THE PROBLEM: Your copy should begin at the line containing "Sticker| Schwarzes Mädchen" and end at the last line of the records; transcribe those lines exactly and leave out every picture.

MATERIAL FOR THIS TASK:

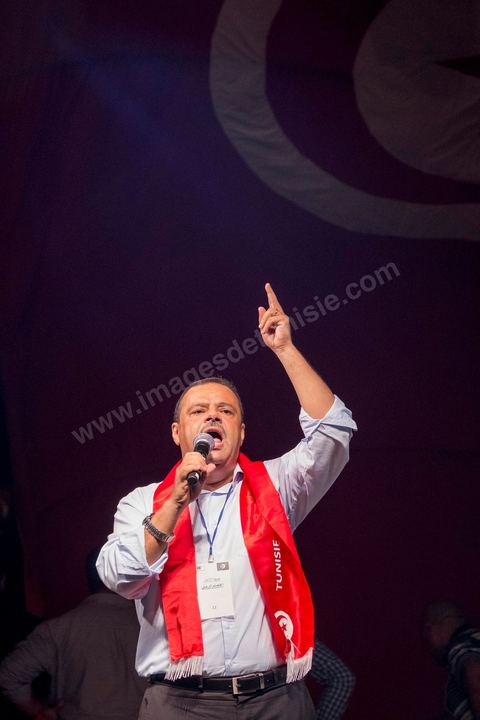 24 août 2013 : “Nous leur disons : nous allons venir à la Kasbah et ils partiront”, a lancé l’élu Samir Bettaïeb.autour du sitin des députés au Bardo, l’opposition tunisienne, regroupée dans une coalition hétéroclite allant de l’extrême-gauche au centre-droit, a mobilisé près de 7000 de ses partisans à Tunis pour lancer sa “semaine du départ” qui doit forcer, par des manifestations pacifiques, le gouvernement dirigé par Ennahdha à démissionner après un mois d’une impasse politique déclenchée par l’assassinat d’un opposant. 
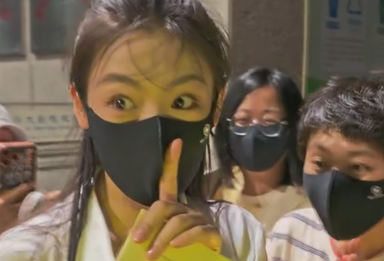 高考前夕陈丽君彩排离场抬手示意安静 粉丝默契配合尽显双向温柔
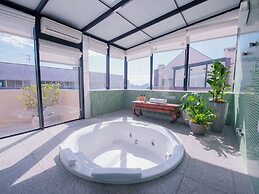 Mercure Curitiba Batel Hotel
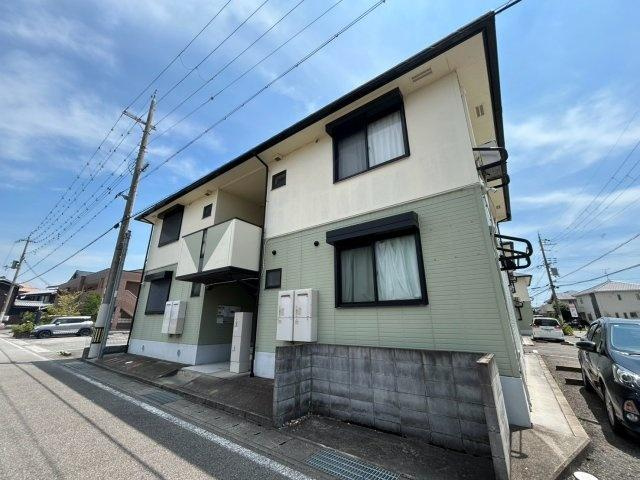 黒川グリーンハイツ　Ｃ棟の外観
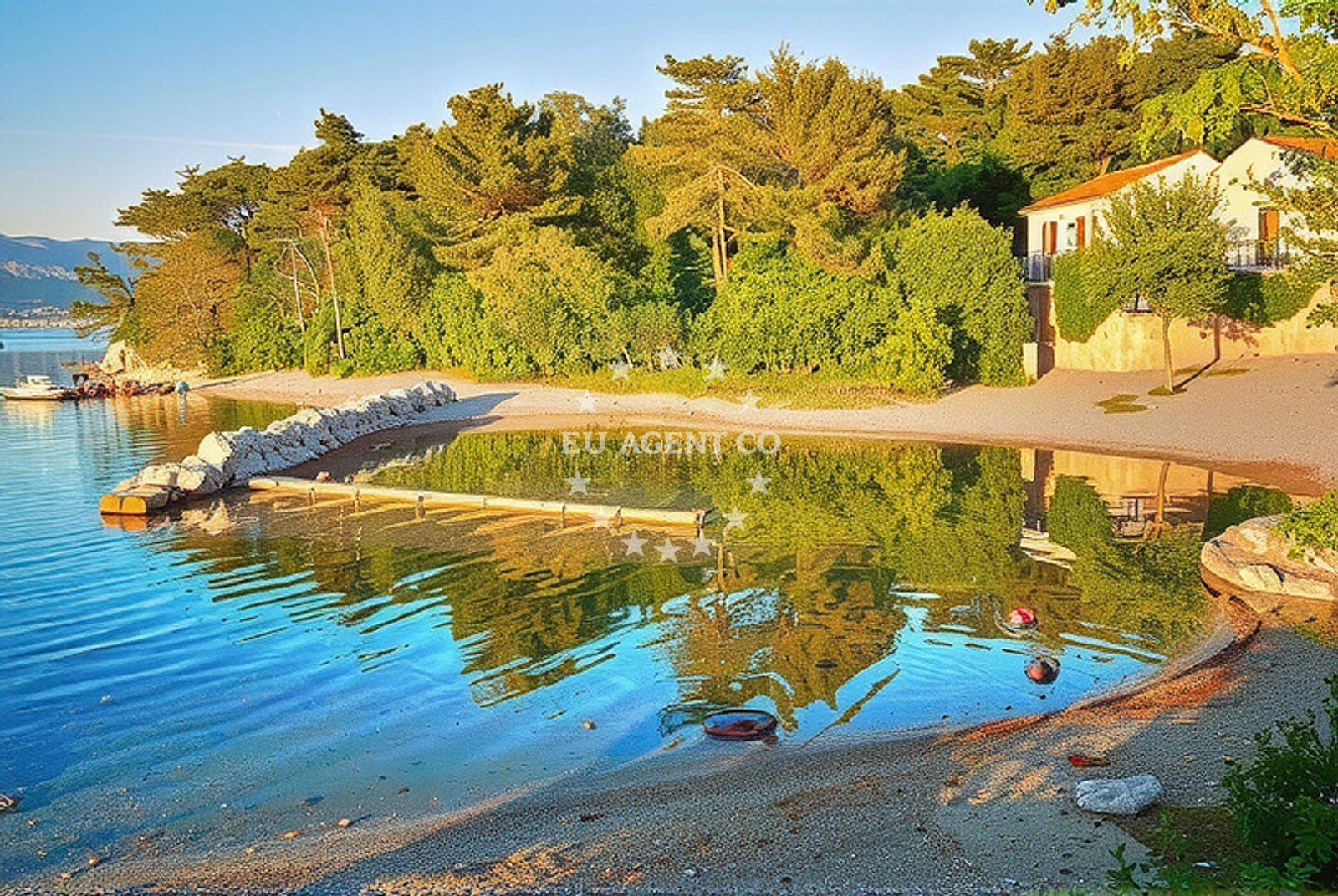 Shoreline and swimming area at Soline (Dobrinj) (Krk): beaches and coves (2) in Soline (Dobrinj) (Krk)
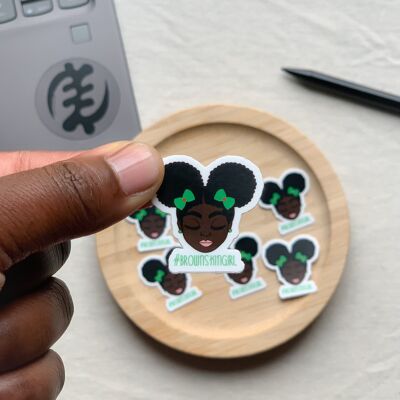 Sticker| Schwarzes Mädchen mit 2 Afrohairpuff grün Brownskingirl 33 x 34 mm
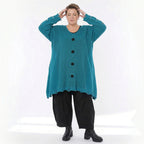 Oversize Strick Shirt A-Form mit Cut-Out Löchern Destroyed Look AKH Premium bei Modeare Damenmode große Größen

TASK SOLUTION:
 Sticker| Schwarzes Mädchen mit 2 Afrohairpuff grün Brownskingirl 33 x 34 mm
 Oversize Strick Shirt A-Form mit Cut-Out Löchern Destroyed Look AKH Premium bei Modeare Damenmode große Größen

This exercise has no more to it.